AVAILABLE DATA: Begin
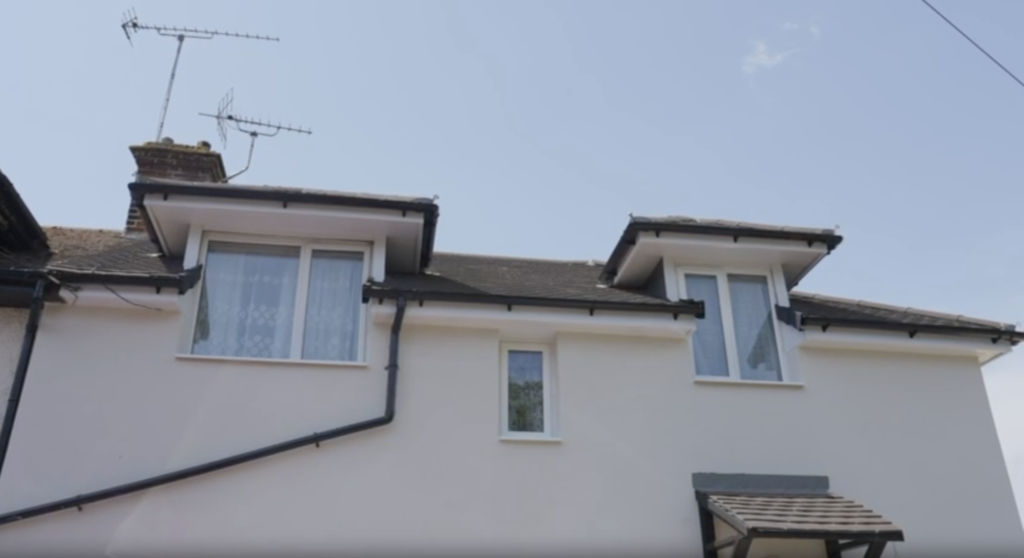 An external view of the upper story of a house with freshly rendered, off-white external wall insulation.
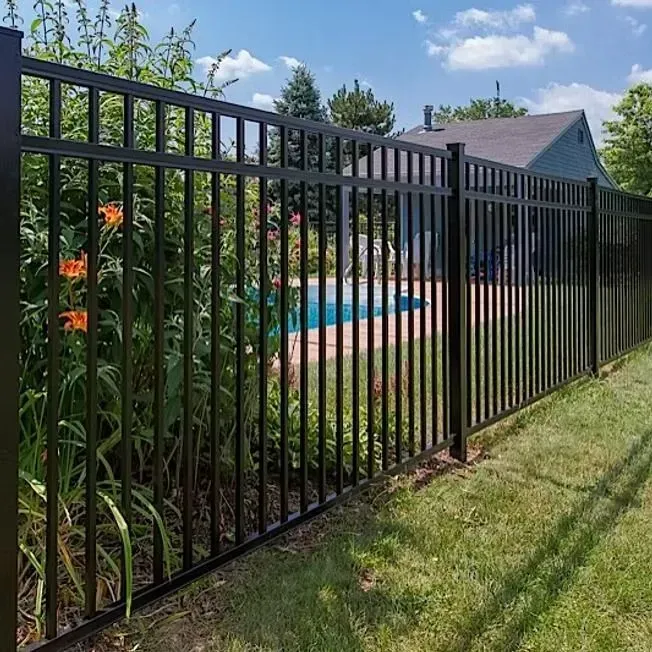A black metal fence encloses a green lawn and swimming pool, with orange flowers in the foreground under a blue sky.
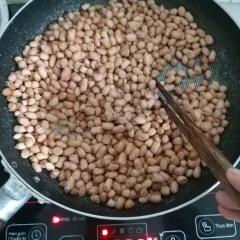 Lựa bỏ hạt đậu hư, rửa sạch với nước và để thật ráo. Bắt 1 cái chảo lên bếp, đun nóng chảo, cho vào chảo 2 muỗng canh muối (mục đích: khi cho muối vào khi rang đậu giúp hạn chế đậu tiếp xúc trực tiếp với đáy chảo gây cháy, nhiệt độ ổn định giúp hạt đậu vàng đều hơn). Cho đậu phộng đã ráo nước vào rang đều tay ở lửa nhỏ.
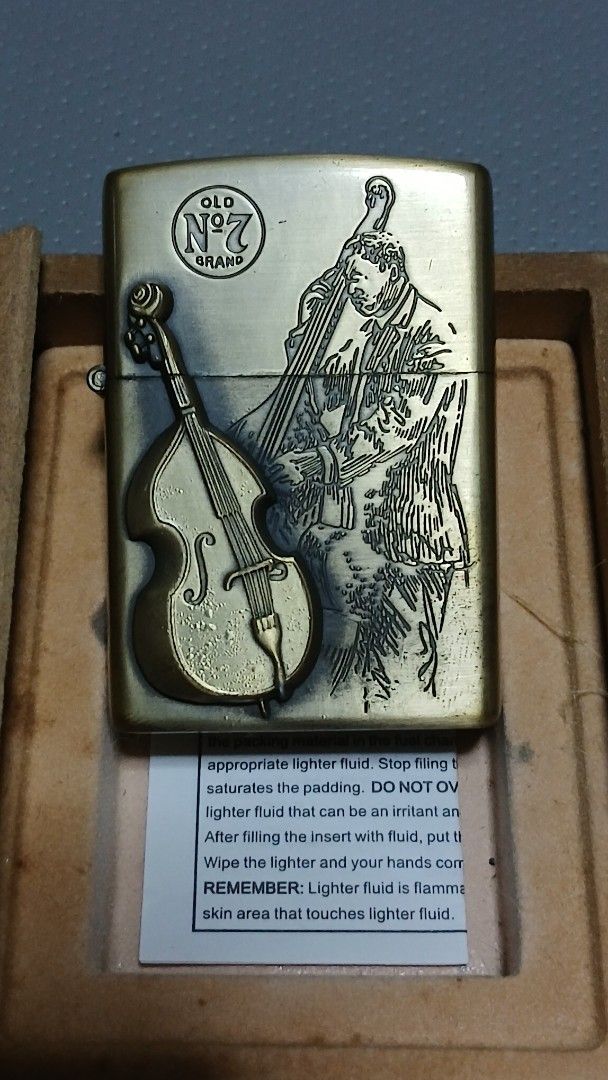 1996 Star JazzJack Daniel's Zippo style Lighter (Category: Vintage Collectibles) located in Quezon City. Submitted by mrs.maria (Listing ID 1402427701, Image 2). Description: "1996 Star Jazz" Jack Daniel's Zippo style lighter features a unique design with a musical instrument motif. It comes in its original box, which also features the Jack Daniel's branding. The lighter has an antique brass finish. The box includes a small instruction card. The 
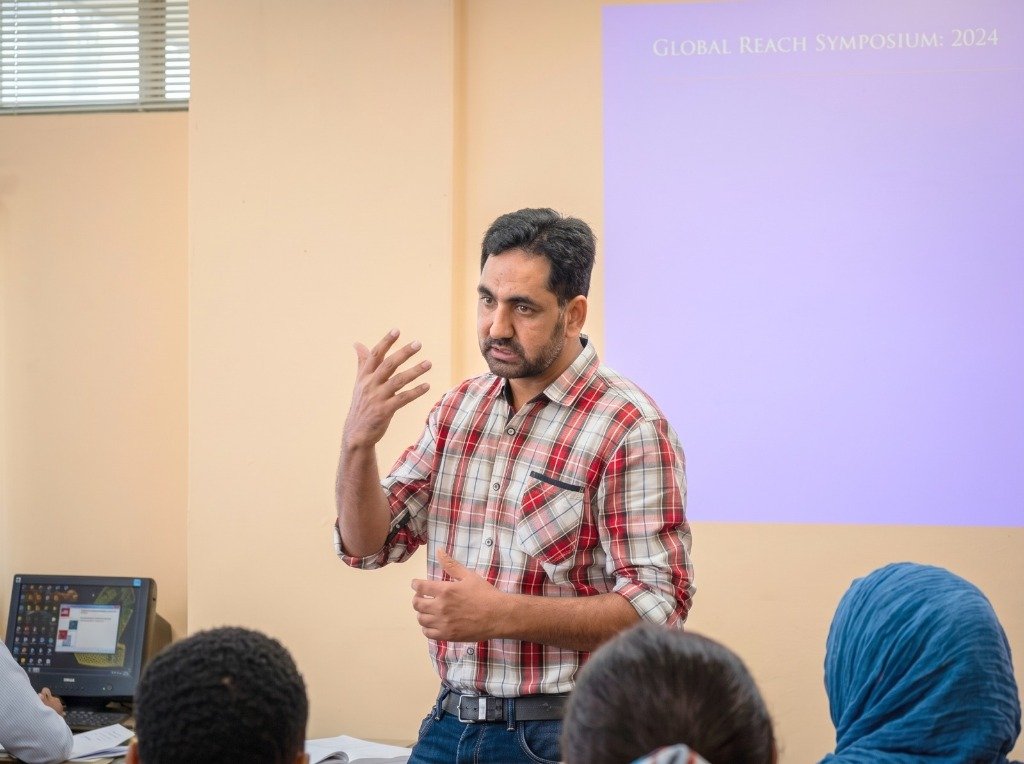 Dr. Muhammad Shakil Ahmad presenting at Global Reach Symposium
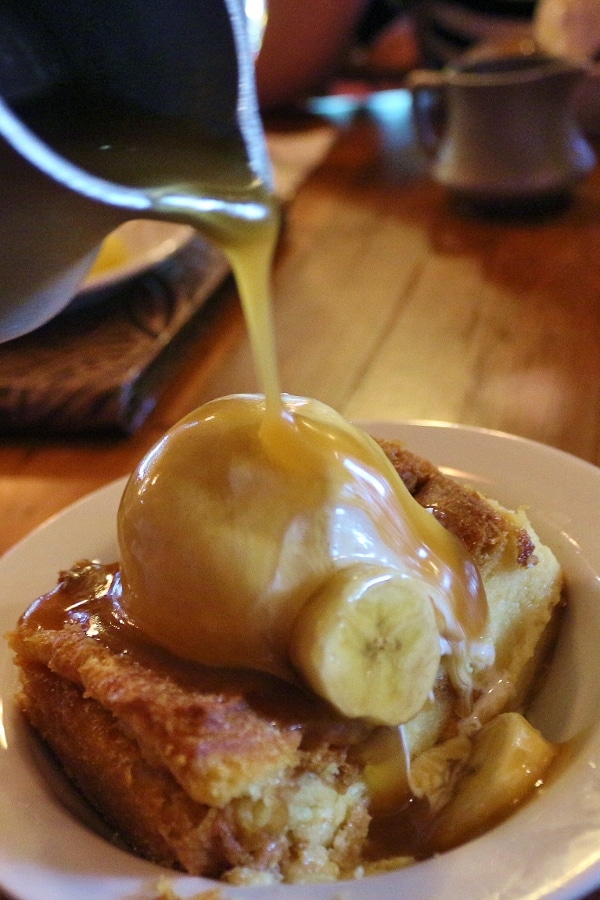 a plate of bread pudding with ice cream and banana sauce being poured over the top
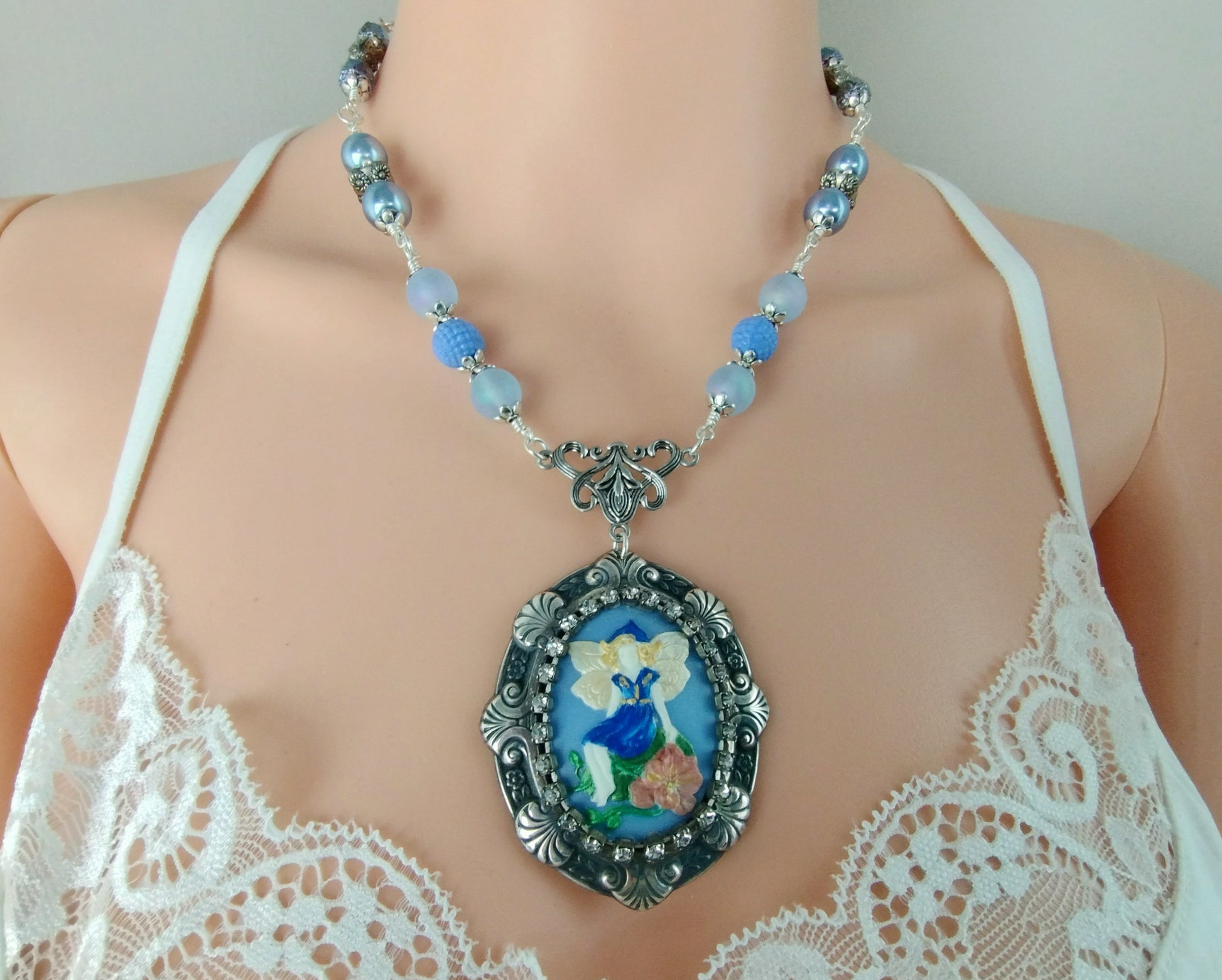 Whimsical fantasy pendant necklace with fairy artwork and silver-plated chain.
AVAILABLE DATA: End
**WHAT IS EXPECTED**
Return the data exactly. Do not carry over any images.

**TASK ANSWER**
 An external view of the upper story of a house with freshly rendered, off-white external wall insulation.
A black metal fence encloses a green lawn and swimming pool, with orange flowers in the foreground under a blue sky.
 Lựa bỏ hạt đậu hư, rửa sạch với nước và để thật ráo. Bắt 1 cái chảo lên bếp, đun nóng chảo, cho vào chảo 2 muỗng canh muối (mục đích: khi cho muối vào khi rang đậu giúp hạn chế đậu tiếp xúc trực tiếp với đáy chảo gây cháy, nhiệt độ ổn định giúp hạt đậu vàng đều hơn). Cho đậu phộng đã ráo nước vào rang đều tay ở lửa nhỏ.
 1996 Star JazzJack Daniel's Zippo style Lighter (Category: Vintage Collectibles) located in Quezon City. Submitted by mrs.maria (Listing ID 1402427701, Image 2). Description: "1996 Star Jazz" Jack Daniel's Zippo style lighter features a unique design with a musical instrument motif. It comes in its original box, which also features the Jack Daniel's branding. The lighter has an antique brass finish. The box includes a small instruction card. The 
 Dr. Muhammad Shakil Ahmad presenting at Global Reach Symposium
 a plate of bread pudding with ice cream and banana sauce being poured over the top
 Whimsical fantasy pendant necklace with fairy artwork and silver-plated chain.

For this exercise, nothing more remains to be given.